**ACTIVITY**
For the data that follows, return each line unchanged and drop the pictures.

Image-caption web data:

----------------------------------------

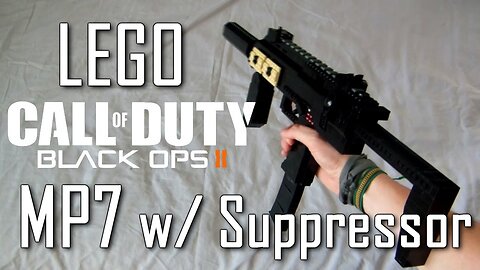 Call Of Duty: Black Ops 2: LEGO MP7 | Suppressor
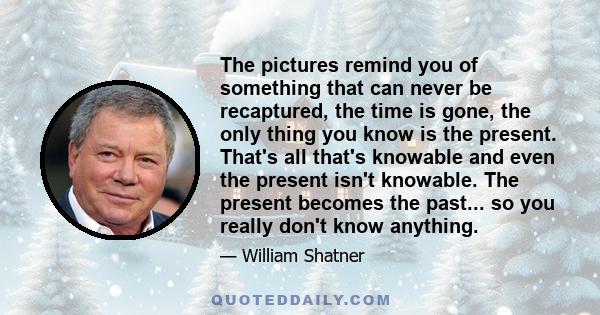 The pictures remind you of something that can never be recaptured, the time is gone, the only thing you know is the present. That's all that's knowable and even the present isn't knowable. The present becomes the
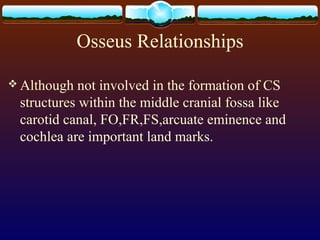 Osseus Relationships
 Although not involved in the formation of CS
structures within the middle cranial fossa like
carotid canal, FO,FR,FS,arcuate eminence and
cochlea are important land marks.
 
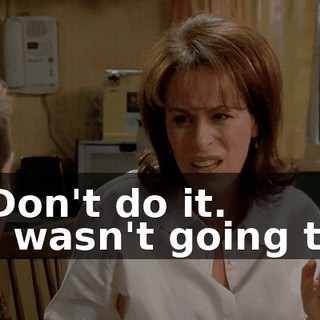 - Don't do it. - I wasn't going to!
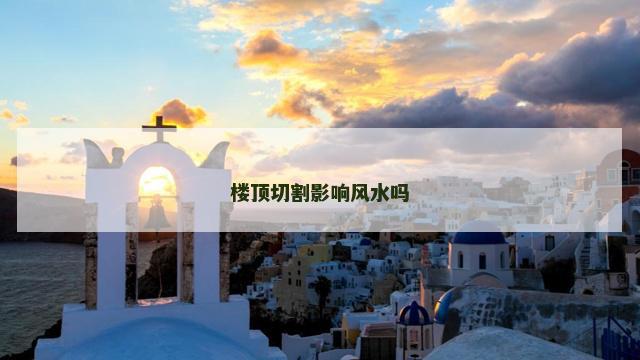 楼顶切割影响风水吗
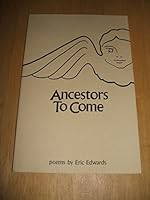 Ancestors to Come 0915176084 Book Cover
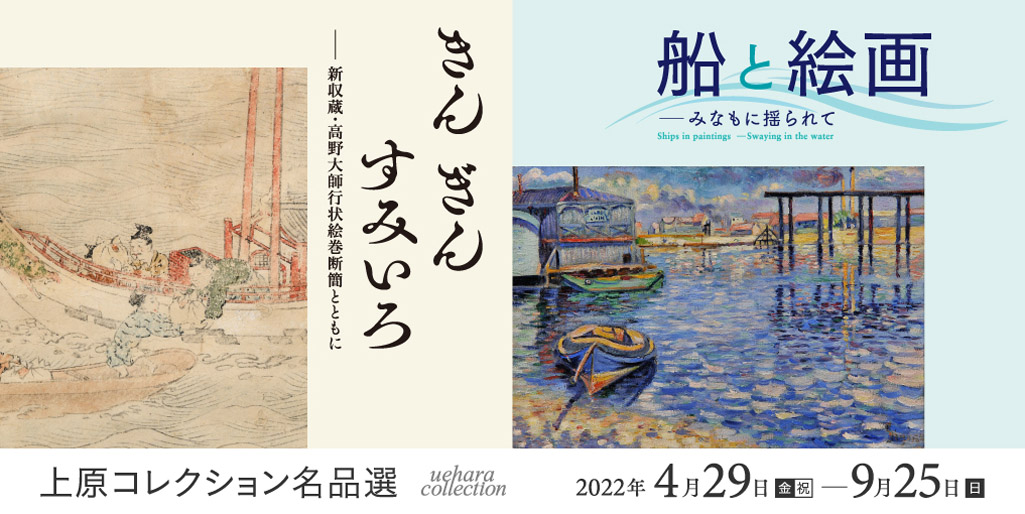 上原コレクション名品選　【仏教館】きん ぎん すみいろ—新収蔵・高野大師行状絵巻断簡とともに 【近代館】船と絵画—みなもに揺られて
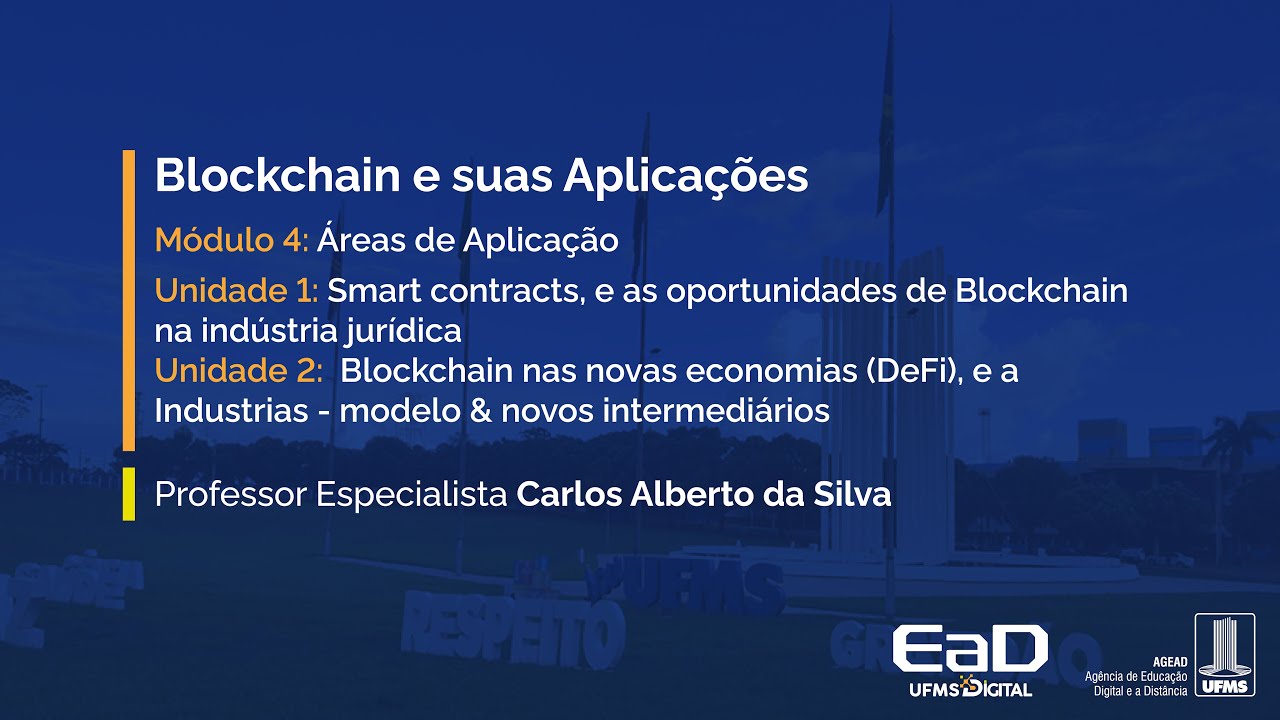 [UFMS Digital] Blockchain e suas Aplicações - Módulo 4 - Unidade 2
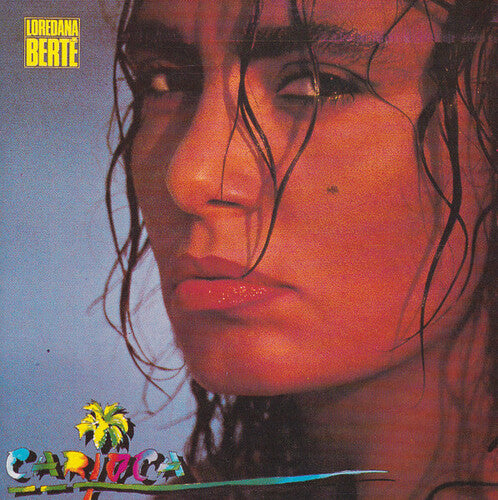 Loredana Berte - Carioca - Limited Picture Disc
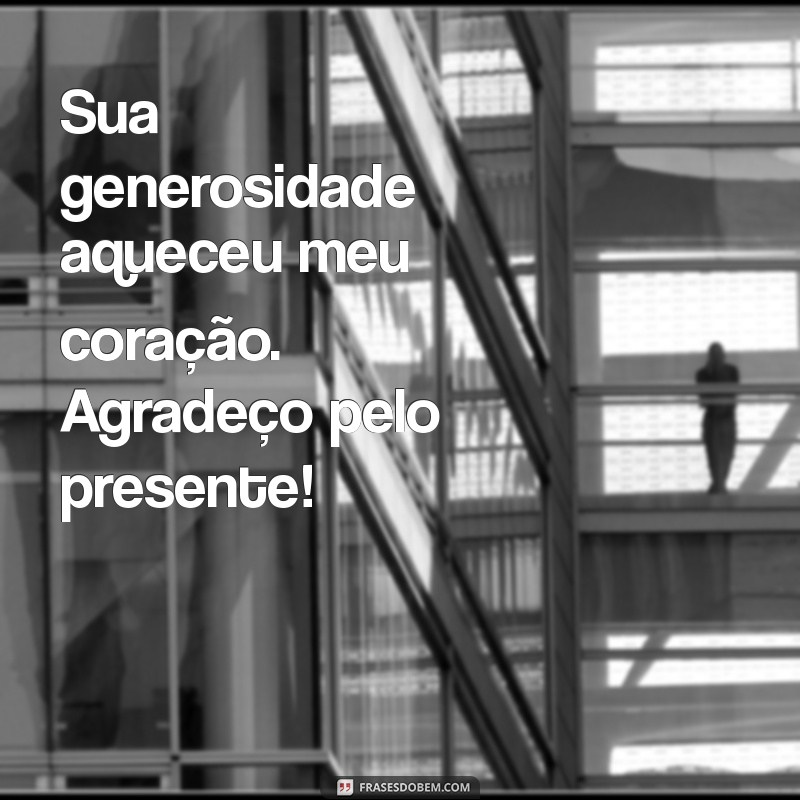 Como Escrever Mensagens de Agradecimento por Presentes: Exemplos e Dicas 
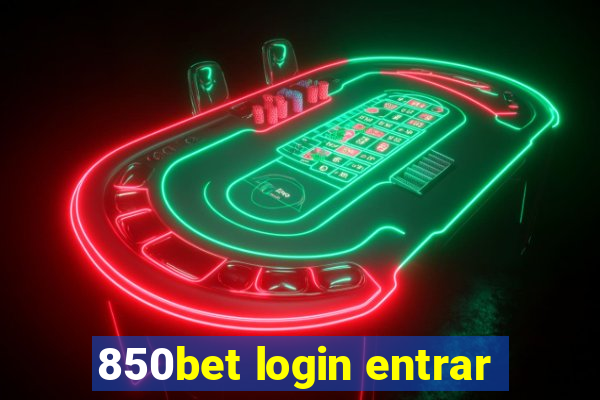 850bet login entrar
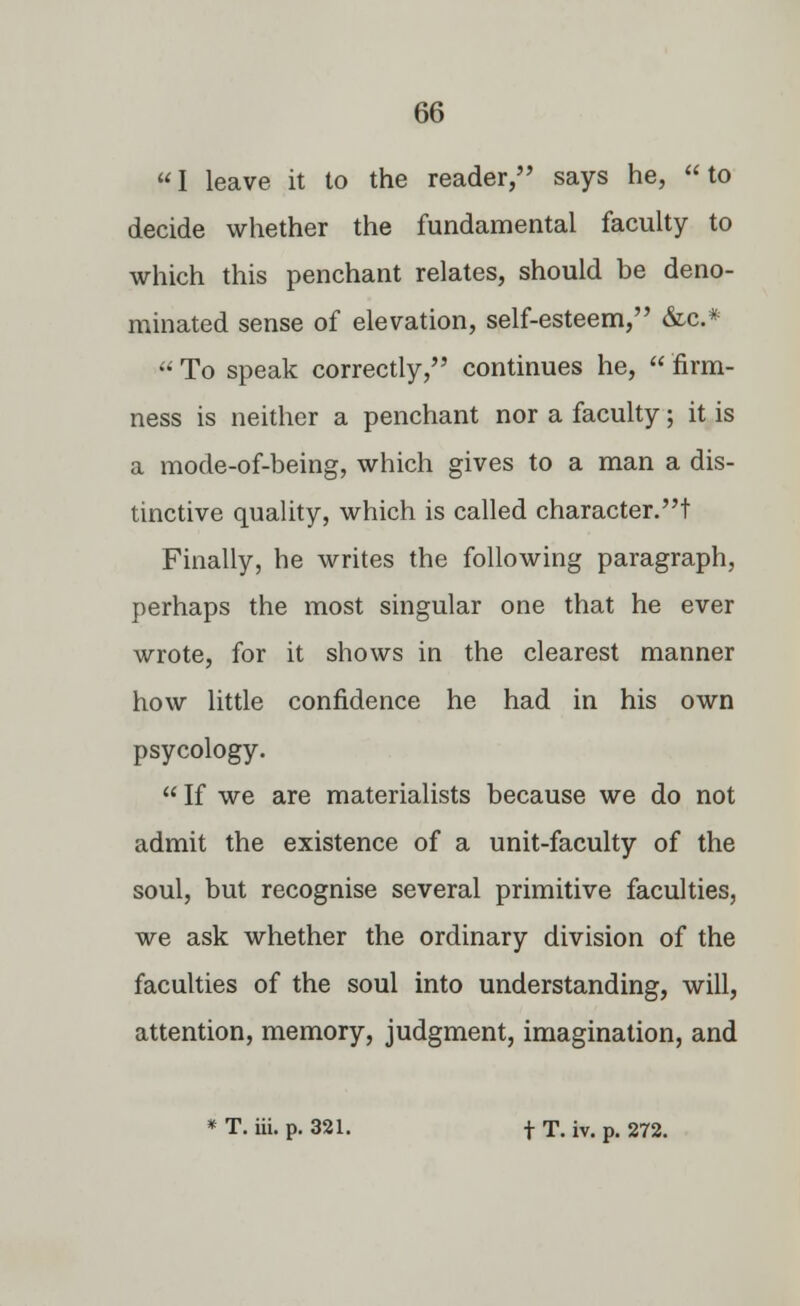 I leave it to the reader, says he, to decide whether the fundamental faculty to which this penchant relates, should be deno- minated sense of elevation, self-esteem, &c* To speak correctly, continues he, firm- ness is neither a penchant nor a faculty; it is a mode-of-being, which gives to a man a dis- tinctive quality, which is called character.! Finally, he writes the following paragraph, perhaps the most singular one that he ever wrote, for it shows in the clearest manner how little confidence he had in his own psycology.  If we are materialists because we do not admit the existence of a unit-faculty of the soul, but recognise several primitive faculties, we ask whether the ordinary division of the faculties of the soul into understanding, will, attention, memory, judgment, imagination, and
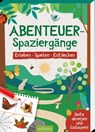 Abenteuer-Spaziergänge - Pia Deges - 9783845846989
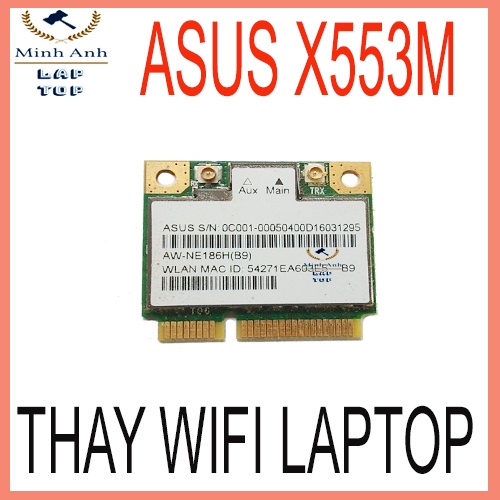 Thay wifi laptop asus x553m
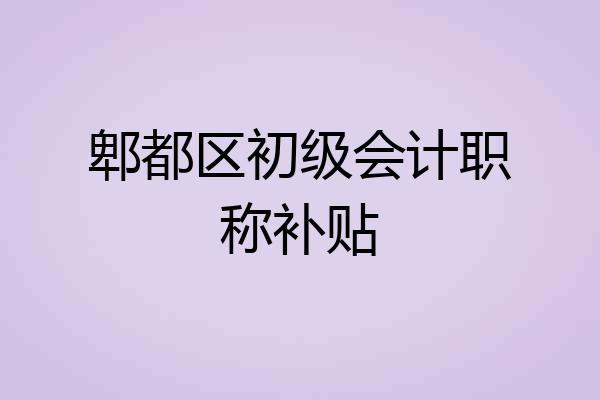郫都区初级会计职称补贴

----------------------------------------

**RESPONSE TO THE EXERCISE**
 Call Of Duty: Black Ops 2: LEGO MP7 | Suppressor
 The pictures remind you of something that can never be recaptured, the time is gone, the only thing you know is the present. That's all that's knowable and even the present isn't knowable. The present becomes the
 Osseus Relationships
 Although not involved in the formation of CS
structures within the middle cranial fossa like
carotid canal, FO,FR,FS,arcuate eminence and
cochlea are important land marks.
 
 - Don't do it. - I wasn't going to!
 楼顶切割影响风水吗
 Ancestors to Come 0915176084 Book Cover
 上原コレクション名品選　【仏教館】きん ぎん すみいろ—新収蔵・高野大師行状絵巻断簡とともに 【近代館】船と絵画—みなもに揺られて
 [UFMS Digital] Blockchain e suas Aplicações - Módulo 4 - Unidade 2
 Loredana Berte - Carioca - Limited Picture Disc
 Como Escrever Mensagens de Agradecimento por Presentes: Exemplos e Dicas 
 850bet login entrar
 I leave it to the reader, says he, to decide whether the fundamental faculty to which this penchant relates, should be deno- minated sense of elevation, self-esteem, &c* To speak correctly, continues he, firm- ness is neither a penchant nor a faculty; it is a mode-of-being, which gives to a man a dis- tinctive quality, which is called character.! Finally, he writes the following paragraph, perhaps the most singular one that he ever wrote, for it shows in the clearest manner how little confidence he had in his own psycology.  If we are materialists because we do not admit the existence of a unit-faculty of the soul, but recognise several primitive faculties, we ask whether the ordinary division of the faculties of the soul into understanding, will, attention, memory, judgment, imagination, and
 Abenteuer-Spaziergänge - Pia Deges - 9783845846989
 Thay wifi laptop asus x553m
郫都区初级会计职称补贴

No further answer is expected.